Short web captions:
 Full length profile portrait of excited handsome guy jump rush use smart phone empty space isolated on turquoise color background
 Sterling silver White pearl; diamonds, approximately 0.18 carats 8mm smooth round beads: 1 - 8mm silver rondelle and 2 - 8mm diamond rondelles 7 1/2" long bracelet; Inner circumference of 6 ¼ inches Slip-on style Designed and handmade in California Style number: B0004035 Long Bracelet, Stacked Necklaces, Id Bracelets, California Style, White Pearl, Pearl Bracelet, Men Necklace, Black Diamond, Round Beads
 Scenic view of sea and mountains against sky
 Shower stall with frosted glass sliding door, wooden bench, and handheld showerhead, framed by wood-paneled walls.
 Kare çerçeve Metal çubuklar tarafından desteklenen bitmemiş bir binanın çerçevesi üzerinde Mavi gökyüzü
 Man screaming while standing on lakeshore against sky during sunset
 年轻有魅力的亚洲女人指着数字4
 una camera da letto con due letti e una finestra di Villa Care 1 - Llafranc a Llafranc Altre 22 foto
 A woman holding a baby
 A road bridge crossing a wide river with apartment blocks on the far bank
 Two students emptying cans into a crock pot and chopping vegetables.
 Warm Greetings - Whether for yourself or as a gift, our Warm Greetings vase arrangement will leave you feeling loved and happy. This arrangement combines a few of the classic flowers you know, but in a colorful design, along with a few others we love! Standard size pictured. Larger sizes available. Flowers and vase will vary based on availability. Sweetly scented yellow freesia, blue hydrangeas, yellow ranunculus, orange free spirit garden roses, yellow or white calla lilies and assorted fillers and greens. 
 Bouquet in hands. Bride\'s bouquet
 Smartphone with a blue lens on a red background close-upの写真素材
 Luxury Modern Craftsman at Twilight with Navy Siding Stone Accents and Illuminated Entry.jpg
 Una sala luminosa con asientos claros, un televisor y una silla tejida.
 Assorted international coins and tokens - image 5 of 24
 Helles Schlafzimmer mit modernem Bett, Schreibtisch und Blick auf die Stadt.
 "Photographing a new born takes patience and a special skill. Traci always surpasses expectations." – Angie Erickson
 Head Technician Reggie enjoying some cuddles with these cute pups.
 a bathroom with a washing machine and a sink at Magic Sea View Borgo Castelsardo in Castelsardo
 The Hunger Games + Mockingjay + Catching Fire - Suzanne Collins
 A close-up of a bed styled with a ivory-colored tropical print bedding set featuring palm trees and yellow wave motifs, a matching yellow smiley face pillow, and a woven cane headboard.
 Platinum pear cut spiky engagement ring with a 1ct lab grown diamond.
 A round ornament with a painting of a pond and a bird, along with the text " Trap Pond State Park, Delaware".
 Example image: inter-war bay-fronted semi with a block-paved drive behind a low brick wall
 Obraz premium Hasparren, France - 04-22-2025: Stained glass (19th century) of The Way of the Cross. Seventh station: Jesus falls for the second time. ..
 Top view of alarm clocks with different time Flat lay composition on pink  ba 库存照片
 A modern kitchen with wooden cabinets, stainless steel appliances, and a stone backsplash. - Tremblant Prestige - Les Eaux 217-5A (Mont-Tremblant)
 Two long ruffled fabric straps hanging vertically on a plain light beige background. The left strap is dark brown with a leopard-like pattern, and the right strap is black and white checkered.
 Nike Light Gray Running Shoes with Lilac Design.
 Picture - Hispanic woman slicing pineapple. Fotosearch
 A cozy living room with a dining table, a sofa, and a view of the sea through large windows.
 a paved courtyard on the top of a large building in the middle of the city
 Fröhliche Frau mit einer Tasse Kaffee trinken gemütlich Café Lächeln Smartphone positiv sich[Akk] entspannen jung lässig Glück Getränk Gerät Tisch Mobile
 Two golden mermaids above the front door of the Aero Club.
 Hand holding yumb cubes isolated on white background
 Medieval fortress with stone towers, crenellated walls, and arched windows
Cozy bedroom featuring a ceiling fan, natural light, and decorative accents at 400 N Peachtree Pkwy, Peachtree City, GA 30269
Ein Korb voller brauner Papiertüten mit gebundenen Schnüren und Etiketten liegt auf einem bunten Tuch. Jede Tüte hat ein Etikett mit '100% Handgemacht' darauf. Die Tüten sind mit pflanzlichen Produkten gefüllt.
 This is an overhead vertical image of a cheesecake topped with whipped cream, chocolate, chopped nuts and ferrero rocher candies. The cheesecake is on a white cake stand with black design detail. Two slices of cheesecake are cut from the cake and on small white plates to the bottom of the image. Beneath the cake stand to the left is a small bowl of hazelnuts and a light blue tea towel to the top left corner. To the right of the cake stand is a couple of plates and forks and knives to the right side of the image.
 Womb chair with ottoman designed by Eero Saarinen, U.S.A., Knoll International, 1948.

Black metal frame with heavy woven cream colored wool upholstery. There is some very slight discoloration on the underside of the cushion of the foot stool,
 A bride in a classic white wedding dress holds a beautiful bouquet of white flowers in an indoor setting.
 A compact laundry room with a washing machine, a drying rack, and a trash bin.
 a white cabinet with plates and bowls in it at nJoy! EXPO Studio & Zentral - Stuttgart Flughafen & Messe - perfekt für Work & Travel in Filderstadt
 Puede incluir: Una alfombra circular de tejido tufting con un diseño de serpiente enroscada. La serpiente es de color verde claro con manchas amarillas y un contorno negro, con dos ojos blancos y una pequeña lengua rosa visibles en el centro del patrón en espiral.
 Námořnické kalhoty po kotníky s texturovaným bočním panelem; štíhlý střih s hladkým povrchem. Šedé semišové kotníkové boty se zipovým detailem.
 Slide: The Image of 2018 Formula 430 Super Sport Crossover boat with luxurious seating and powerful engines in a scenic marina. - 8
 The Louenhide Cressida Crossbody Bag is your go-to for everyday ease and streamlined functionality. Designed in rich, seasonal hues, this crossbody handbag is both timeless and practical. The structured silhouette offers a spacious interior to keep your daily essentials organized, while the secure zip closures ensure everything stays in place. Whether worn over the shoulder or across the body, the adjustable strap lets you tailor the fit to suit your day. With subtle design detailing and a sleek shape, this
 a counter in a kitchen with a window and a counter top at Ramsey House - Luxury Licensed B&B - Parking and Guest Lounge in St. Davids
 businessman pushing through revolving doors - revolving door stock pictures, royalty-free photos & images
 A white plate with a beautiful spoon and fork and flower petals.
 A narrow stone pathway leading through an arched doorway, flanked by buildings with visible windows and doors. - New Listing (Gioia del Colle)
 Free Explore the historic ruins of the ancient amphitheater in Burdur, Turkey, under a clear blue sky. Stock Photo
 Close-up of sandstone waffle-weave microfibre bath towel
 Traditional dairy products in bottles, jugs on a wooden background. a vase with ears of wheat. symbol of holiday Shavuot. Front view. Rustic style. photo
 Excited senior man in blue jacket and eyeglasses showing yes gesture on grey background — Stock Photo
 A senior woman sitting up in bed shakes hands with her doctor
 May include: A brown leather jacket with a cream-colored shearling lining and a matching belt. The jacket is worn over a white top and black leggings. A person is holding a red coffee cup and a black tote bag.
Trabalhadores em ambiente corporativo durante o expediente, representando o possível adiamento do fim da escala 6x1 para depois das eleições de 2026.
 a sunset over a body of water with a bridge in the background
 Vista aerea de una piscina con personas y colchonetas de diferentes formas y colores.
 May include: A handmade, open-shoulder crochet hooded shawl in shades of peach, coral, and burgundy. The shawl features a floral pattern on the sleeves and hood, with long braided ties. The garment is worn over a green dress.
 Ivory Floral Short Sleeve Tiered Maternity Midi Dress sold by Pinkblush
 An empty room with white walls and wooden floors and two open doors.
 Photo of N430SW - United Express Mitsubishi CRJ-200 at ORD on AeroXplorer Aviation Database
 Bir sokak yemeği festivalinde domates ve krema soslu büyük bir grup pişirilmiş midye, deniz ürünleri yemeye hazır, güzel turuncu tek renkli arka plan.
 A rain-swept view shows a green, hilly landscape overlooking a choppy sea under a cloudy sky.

_Assignment_. How many of the lines above include the string "holding"? Reply with the number by itself.

_Exercise solution_. 3